"Nell'attuale momento la parola è alle forze politiche, di governo e di opposizione, chiamate a confrontarsi con le parti sociali sulle scelte da compiere per stimolare decisamente l'indispensabile crescita dell'economia e dell'occupazione, a integrazione delle decisioni sui conti pubblici volte a conseguire il pareggio di bilancio nel 2014".
L'alternativa tra le due "scuole", tagli o crescita, manovra per riportare in pareggio i conti dello Stato o politiche di rilancio dell'economica, è, nella dichiarazione del Presidente Napolitano, una falsa alternativa. Questo noi vi leggiamo. Perché lo si sia fatto credere, è un problema di fragilità del quadro politico che origina a sua volta dalla precarietà del sistema, argomento su cui è importante tornare a riflettere con urgenza.

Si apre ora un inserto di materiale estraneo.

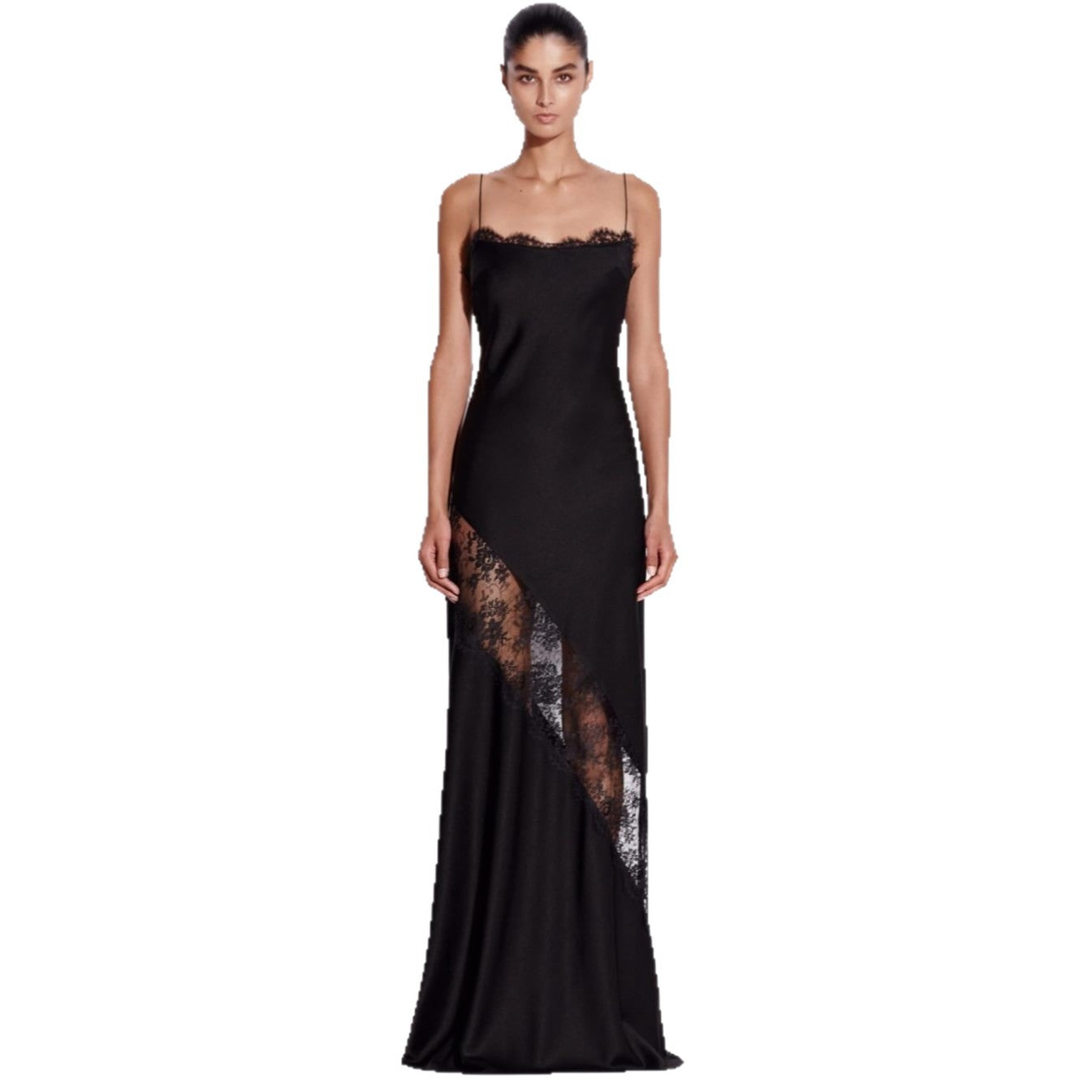 Satin lace suspender long dress dress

Intanto la dichiarazione del Presidente della Repubblica chiarisce, a nostro avviso, una questione di merito e di metodo ad un tempo.
E sollecita verso la fiducia "patriottica" quando indica nella coesione politica e sociale del paese l'unica forza in grado di contrastare i raiders della speculazione finanziaria, sia internazionali che quelli mirati allo specifico obiettivo italiano.

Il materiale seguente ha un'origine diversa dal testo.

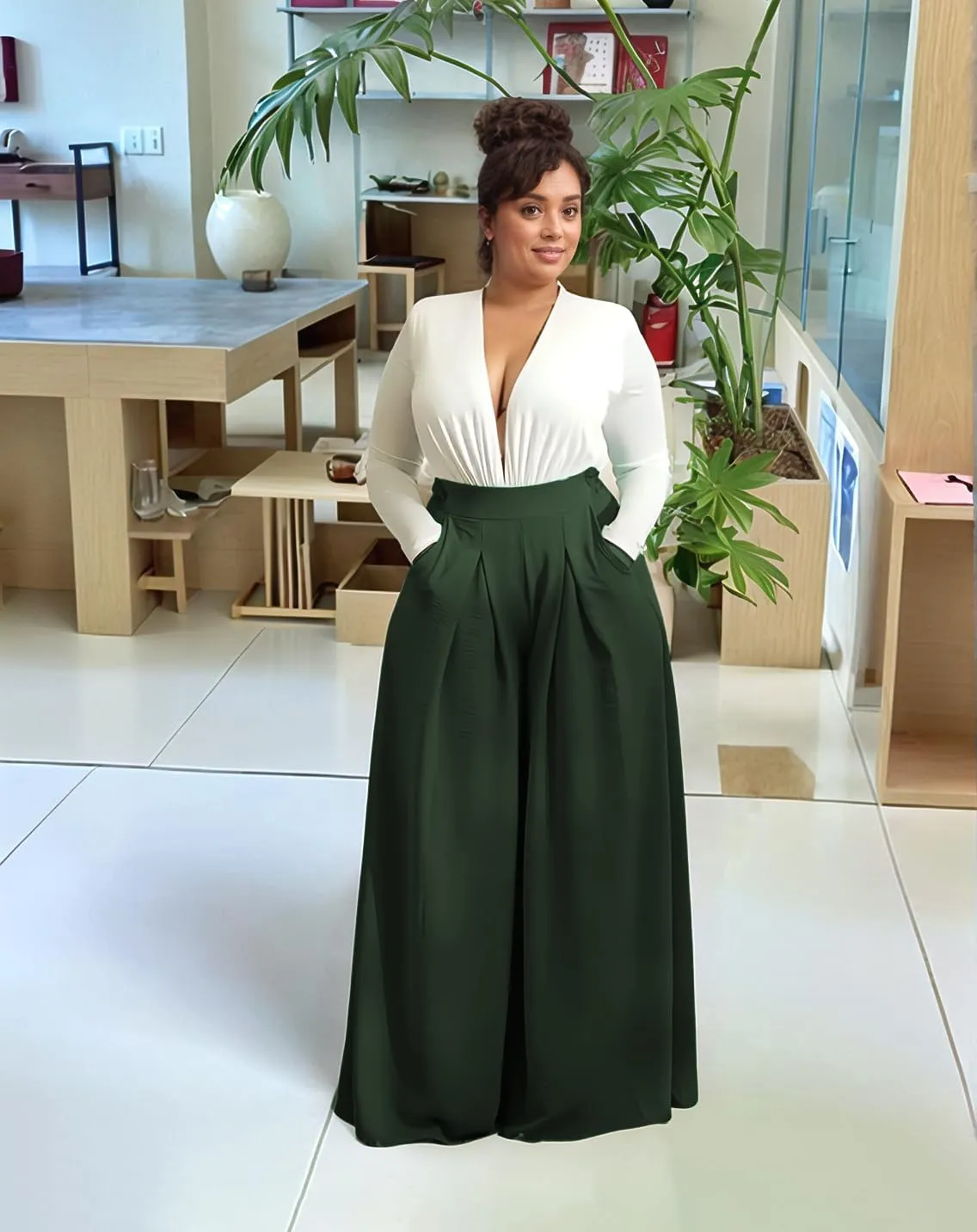 Casual Palazzo Pants for Women Lounge Pants Wide Leg Trousers Women Skirt Pants with Elastic Waistband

In questo "patriottismo unitario", politico e sociale, c'è la consapevolezza della efficacia concreta delle forze morali, che una giusta guida del governo unita ad una adeguata consapevolezza dei parlamentari di essere (seppur con una legge elettorale che lo fa dimenticare troppo facilmente) obbligati a rispondere alla rappresentanza nazionale ( prima ancora che alla propria bandiera di maggioranza o di opposizione), possono suscitare energia tra i cittadini e dunque, innanzitutto, volontà tra le parti sociali all'intesa, non auspicabile, ma indispensabile.

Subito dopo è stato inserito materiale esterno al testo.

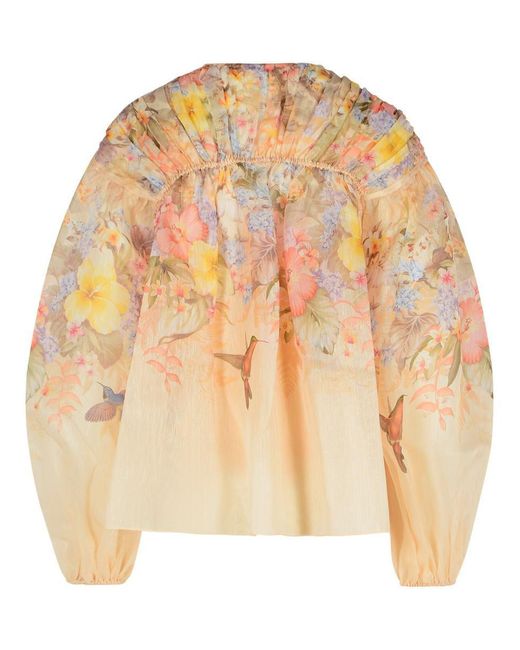 Zimmermann Natural 'Illuminate' Ivory Linen Blend Blouse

In questo quadro passano in secondo piano le querelle sui rapporti tra le fazioni e nelle fazioni, i giri di valzer, le dimissioni da dare per essere respinte, gli alzarsi per rimettersi a sedere, ecc. Il punto è che chi sostiene la scuola della "crescita" comprenderà bene che il primo fattore di ostacolo è proprio la conflittualità interna alla maggioranza ed in particolare col ministro del Tesoro che colloca patrimonio nazionale sui mercati mentre viene indebolito in casa: risultato, il patrimonio si svaluta a parità di debito e per far toprnare i conti serviranno nuove tasse o nuovi tagli. Tutto il contrario di quel che serve alla crescita.
Ragioni di bottega, quindi, che rifiutano di voler vedere che le due cose vanno necessariamente assieme.
Quella del Presidente Napolitano è una dichiarazione importante, perché, dopo 20 anni di chiassate, essa ha un valore innanzitutto educativo per una classe dirigente che dovrà meritarsi di esserlo soprattuto dopo il 2013 attraverso un secondo passo successivo: quello di ricevere il proprio carisma da istituzioni restituite alla partecipazione dei cittadini per "concorrere alla definizione della politica nazionale". Così si accordarono nella stesura della Costituzione partiti avversi tra loro e in Guerra fredda. Figuriamoci oggi se questo non sia possibile più agevolmente. Chi vi si oppone sarebbe politicamente da esiliare.
E' dunque il superamento della seconda repubblica (ovvero la subordinazione internazionale a fini di fazione affaristica, e la contestuale secessione non di territori, ma di poteri e ordini dello Stato tra loro) che può salvare il paese dal forte pericolo di bancarotta, restituendo, nel contempo, un ruolo attivo all'Italia (lo è nel suo stesso interesse) alla riorganizzazione delle istituzioni politiche e sociali europee, la cui assenza ha esposto la moneta unica e la nostra economia alle incursioni di fondi sovrani pubblici o privati, sicuramente contro gli interessi delle società occidentali, e mettendo in pericolo la democrazia.